Article 36A of the Perak Constitution stipulates: A member who is elected to be the Speaker shall be disqualified from holding such office if after three months of his election to such office or at any time thereafter he is or becomes a member of any board of directors or board of management, or an officer or employee, or engages in the affairs or business, of any organisation or body, whether corporate or otherwise, or of any commercial, industrial or other undertaking, whether or not he receives any remuneration, reward, profit or benefit from it.
Nizar also showed proof to the media: a letter from the Bar Council dated August 12, confirming that Ganesan was still in possession of a valid Sijil Annual and Practising Certificate, registered with the council and sole proprietor of legal firm Messrs Ganesan & Associates.
The letter was in reply to a query by Chan Kok Keong, legal counsel for former Speaker V. Sivakumar, seeking information on Ganesan’s status.
“The council confirmed that as of August 11, more than three months past his supposed appointment, Ganesan was still an actively practising lawyer. This is not allowed under the State Constitution.
“In view of this, Ganesan should be disqualified and should stop receiving any form of remuneration from the state government,” said Nizar.
He added that when PR was in government, he, all his executive councillors and Speaker V. Sivakumar had resigned from their day jobs for holding government office was a full-time responsibility.
“I had to deregister myself as a professional engineer. All of us resigned and concentrated on administrating the government. This is common knowledge,” he said.
He reiterated however that by calling for Ganesan to be disqualified, it did not mean that that PR recognised the latter’s appointment.
“It only further affirms that Sivakumar had always been the rightful Speaker because Ganesan’s appointment was illegal,” he said.
Meanwhile, Ganesan has countered the accusation and fired another salvo of his own.
Shortly after the press conference, he showed proof to the media in the form of another letter from the Bar Council, dated August 20, which stated that he had ceased to be a solicitor as of August 6, just before the three-month deadline.
Ironically, the letter was signed by the same person as the one addressed to Chan on August 12.
“I have already resigned. And anyway, my practice stopped in May. Notifying the council is only a formality,” he said when contacted.
When informed of Ganesan’s letter, former senior executive councillor Datuk Ngeh Koo Ham was unfazed.
“I challenge Ganesan to show us the exact date that he had resigned as a lawyer.
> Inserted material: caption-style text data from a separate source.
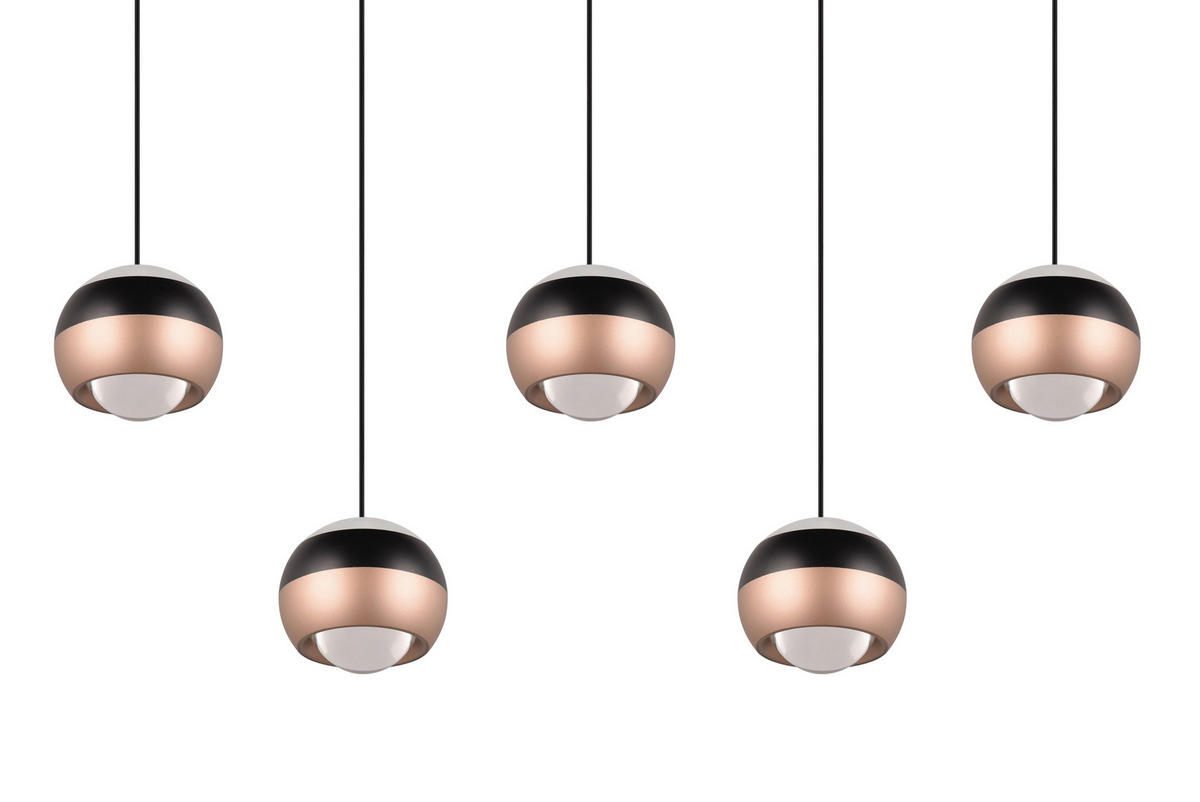 ZÁVĚSNÉ LED SVÍTIDLO, 100/10,5/200 cm  - černá, Design, kov (100/10,5/200cm) - Trio Leuchten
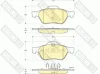 6115402 GIRLING Комплект тормозных колодок, дисковый тормоз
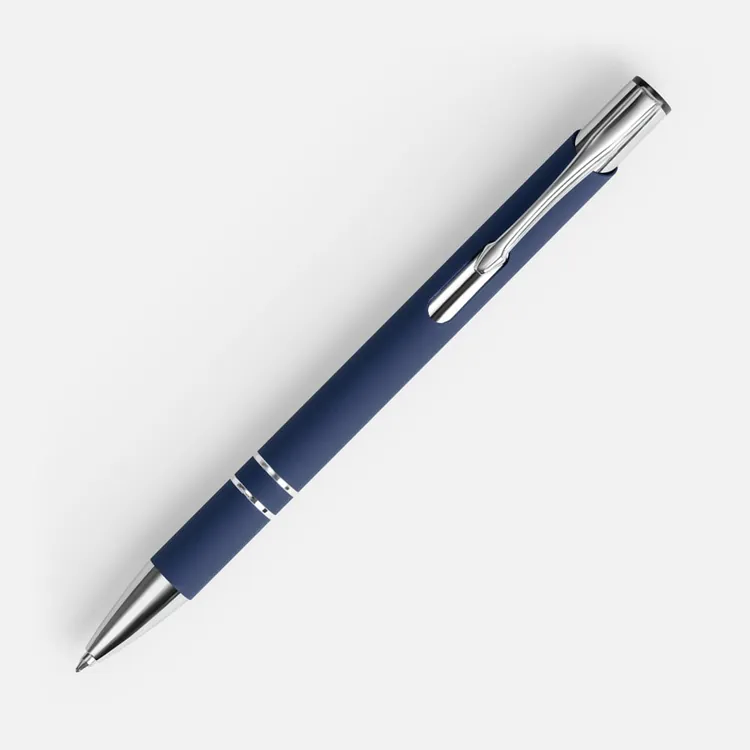 Ручка шариковая Keskus Soft Touch, темно-синяя арт.16425.40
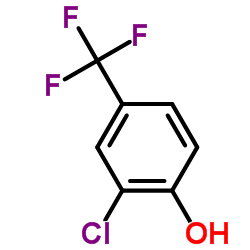 3-氯-4-羟基三氟甲苯 结构式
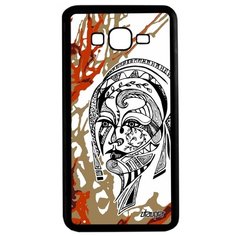 Чехол на смартфон Samsung Galaxy Grand Prime, "Портрет женщины" Девушка Цветок Utaupia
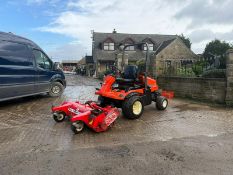 KUBOTA F3680 4WD OUTFRONT RIDE ON MOWER WITH TRIMAX 155 FLAIL DECK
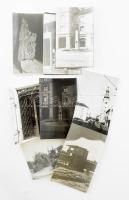 cca 1960 Szombathely, római kori emlékek, városrészletek, 13 db hátoldalán feliratozott, jelzés nélk...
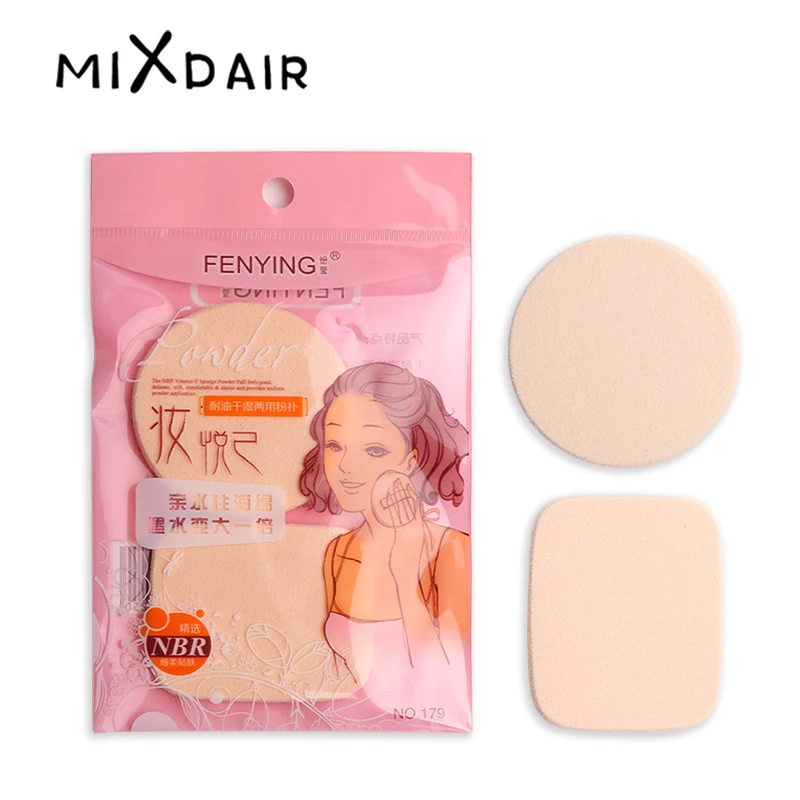 

MIXDAIR 2Pcs/set Cosmetic Puff Soft Makeup Foundation Sponge Soft BB Cream Powder Puff Dry & Wet Facial Sponges Makeup Tools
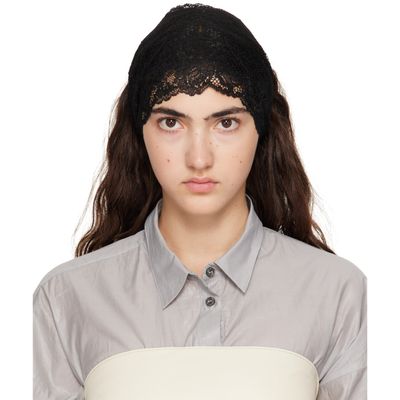 MERRMA MERRMA SSENSE Exclusive Black Lace Bandeau Headband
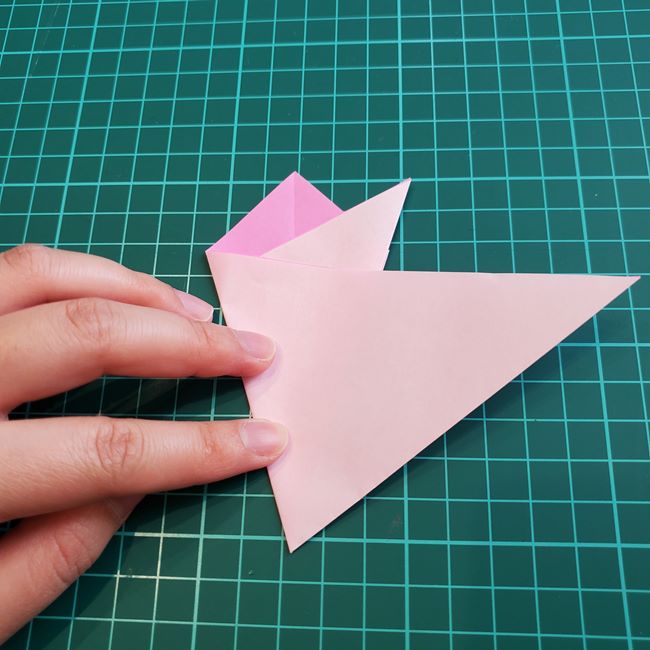 折り紙の花 簡単に一枚で桜をつくる作り方折り方(11)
Let him answer to that,” he said.
It is learned that Ganesan had last week been served with an affidavit from Sivakumar, stating that he should be disqualified as the Speaker by virtue of him still holding office as a legal practitioner.
Certain quarters believe that Ganesan may have only applied for his resignation upon receiving the affidavit.
Earlier when he was asked for the exact date of his resignation, Ganesan said he could not remember as the matter had been handled by his lawyers.
“I am very busy right now so I hope you understand,” he said, when asked if he could clarify the matter immediately with his lawyers.